The country hopes to keep it that way. Preserving the traditional walk to school, Anne Karen says, “has been part of Oslo’s planning policy for decades.” In her district, close to the forest on the north side of the city, parents are explicitly asked not to drive their children to school in order to promote an active lifestyle. (Typically, one parent escorts a group of the youngest children to school each morning.) And in order to keep walking routes safe, legislation has been passed to minimize traffic, even in the city center.

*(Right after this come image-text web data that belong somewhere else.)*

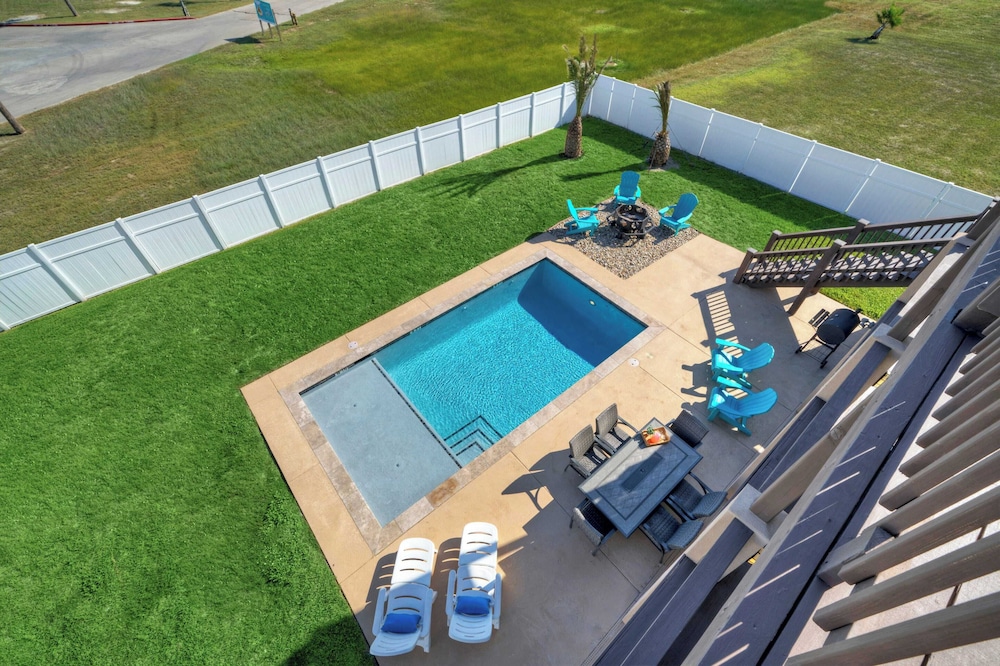 2 Homes, Sleeps 22 Steps to the Beach, Private Pool, Fire Pit, Balcony Views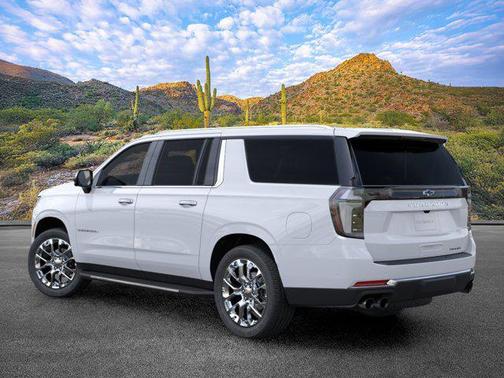 Polar White Tricoat 2026 Chevrolet Suburban Premier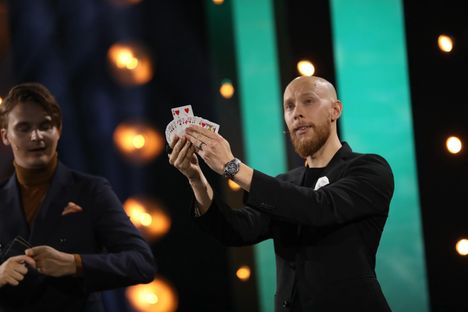 Taikuuden ammattilainen Joni Pakanen esiintyy Promenadisalissa yhdessä muiden Maagikot-ryhmän jäsenten kanssa sunnuntaina 18. tammikuuta. Kuva Pakasen esiintymisestä vuoden 2018 Putouksessa.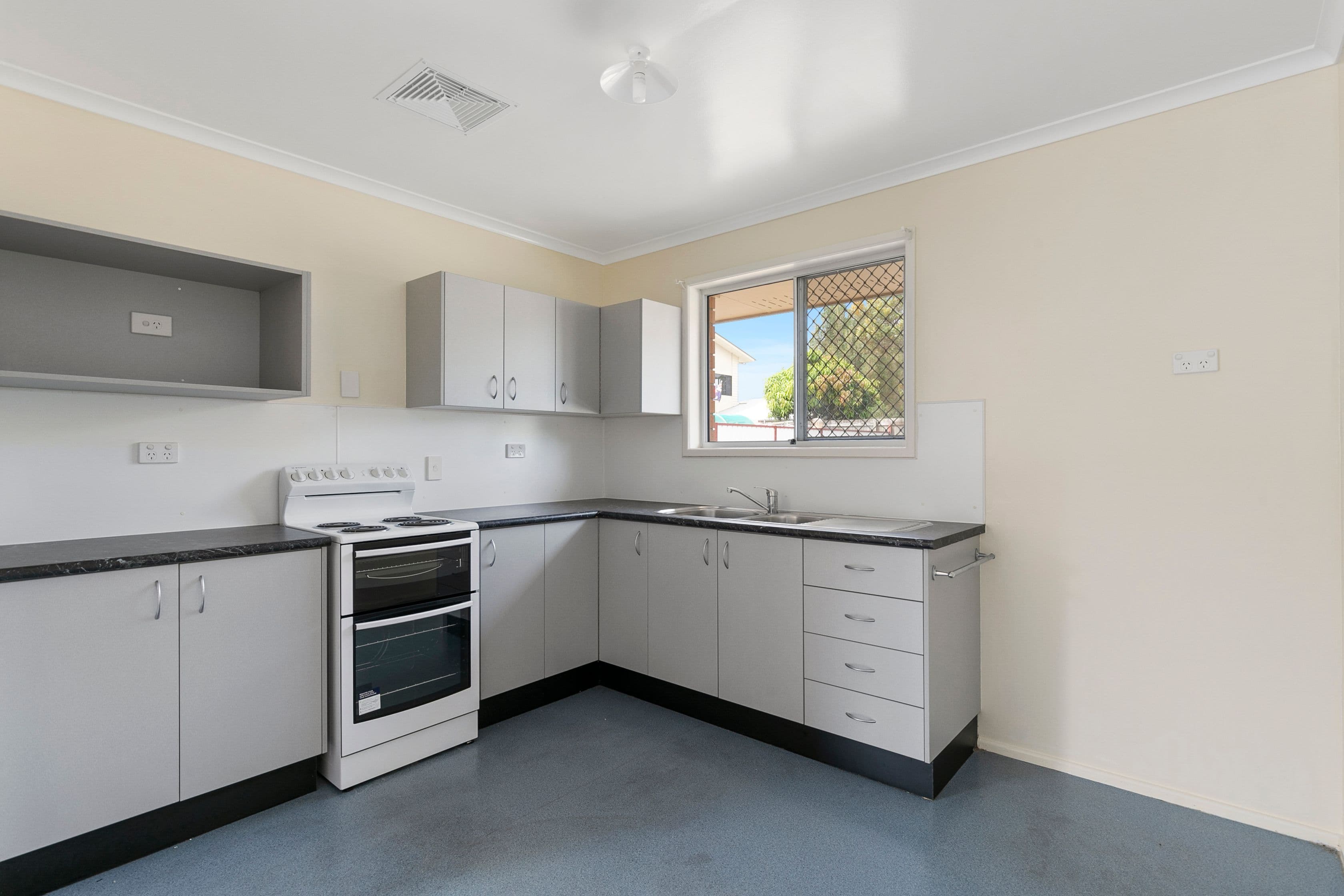 5 Lachlan Street, Birkdale QLD 4159, Birkdale - Thumbnail 3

Norwegian families also put an emphasis on family meals, Claudi says. (Americans spend 174 times as much money as Norwegians on fast food each year.) “Cooking and eating together forces you to slow down and think about what you’re putting into your body,” says Peter Fraenkel, Ph.D., director of the Center for Work and Family at the Ackerman Institute for the Family in New York City. And eating more slowly has another benefit: It doesn’t trigger the pancreas to pump out extra insulin (which could encourage diabetes) the way speed-feeding does.

The notion of strolling school kids and Leave It to Beaver-style dinners is unlikely to catch on widely in the States. But one thing the U.S. could learn from Norway is its emphasis on early intervention. Because adult habits are harder to change, the country is focusing the bulk of its efforts on the young, requiring nutrition classes at two different grade levels, extending mandatory exercise programs, and providing students with water rather than soda, says Ellen Pedersen, the State Secretary of Norway. In the U. S., meanwhile, school health-education programs are haphazard and soda machines are still permitted on many campuses, even as experts here have long said that programs similar to those in Norway are needed to help curtail childhood obesity and diabetes.

So what has motivated the Nordic nation to successfully implement such large-scale reforms? It’s simple, Pedersen says: “We fear becoming like you.”